The high pass filter R2,R3,C should work with reasonable (R2+R3)*C time
constant, i.e. should carry over everything from first harmonic, which
is BR/N, where N = databits+stopbits+startbits.

Let's consider 2 extreme cases, one with all bits ones and one with all bits
zeroes for 8N1.

In case of all zeroes (8N1):

   !-!                 !-!                 !-!
   ! !                 ! !                 ! !
-!-! !-!-!-!-!-!-!-!-!-! !-!-!-!-!-!-!-!-!-! !-
  x S                 x S                 x S

S = Start Bit
x = Stop Bit

DC component of 1/10th signallig voltage will be stripped
1st harmonic of BR/10 and everything above will be carried over.
Microcontroller will receive correct data.
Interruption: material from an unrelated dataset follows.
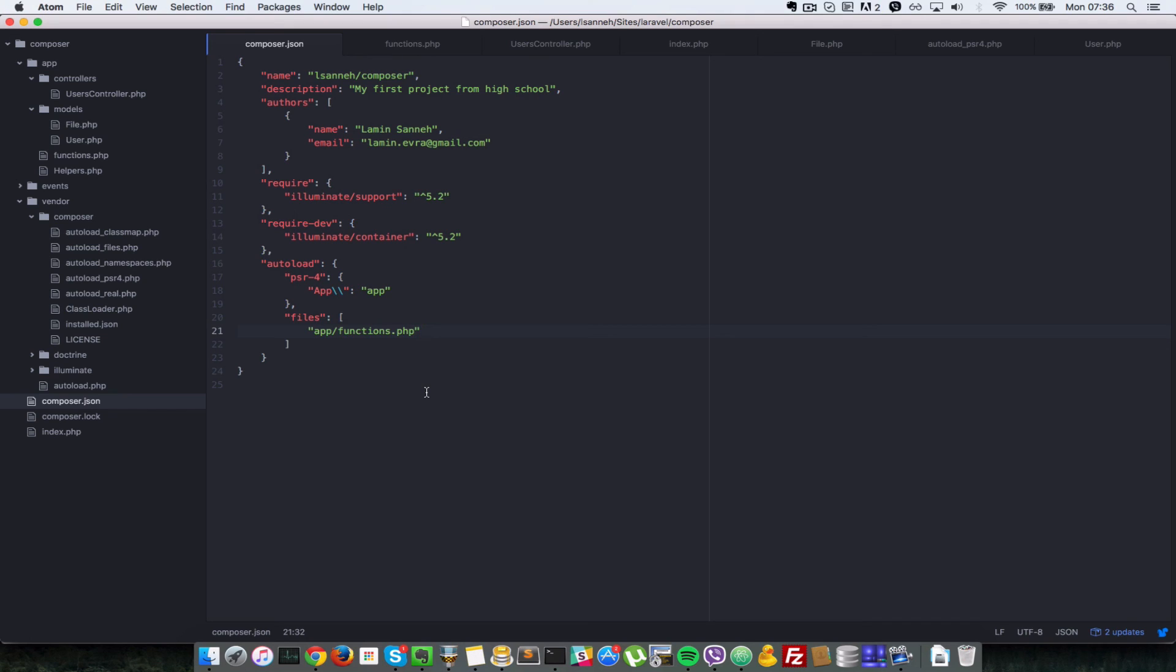On line 10, just list them here as strings in this array and autoload. Composer will automatically include them for you, okay?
The recessive state will be
slightly negative.

In case of all ones:

   !-!-!-!-!-!-!-!-!-! !-!-!-!-!-!-!-!-!-! !-!-
   !                 ! !                 ! !
-!-!                 !-!                 !-!
  x S                 x S                 x S

DC component of 9/10th signallig voltage will be stripped (too bad)
1st harmonic of BR/10 and everything above will be carried over.
The recessive state will be negative, the dominant state will be slightly
over ground. Microcontroller would not receive correct data unless DC
component is restored.

As for restoring DC component, one example I can think of is if R2 << R3 and
micro would turn the high on TXD or RXD for long enough to discharge C1
after each byte received.

This design is only theoretical, being inspired by Ken's post. I did not
build it.

Roman



Re: Simple data bus over DC Power Wires
Interesting Ken,

When you say, this has been used up to 1000 ft, you actually implemented it?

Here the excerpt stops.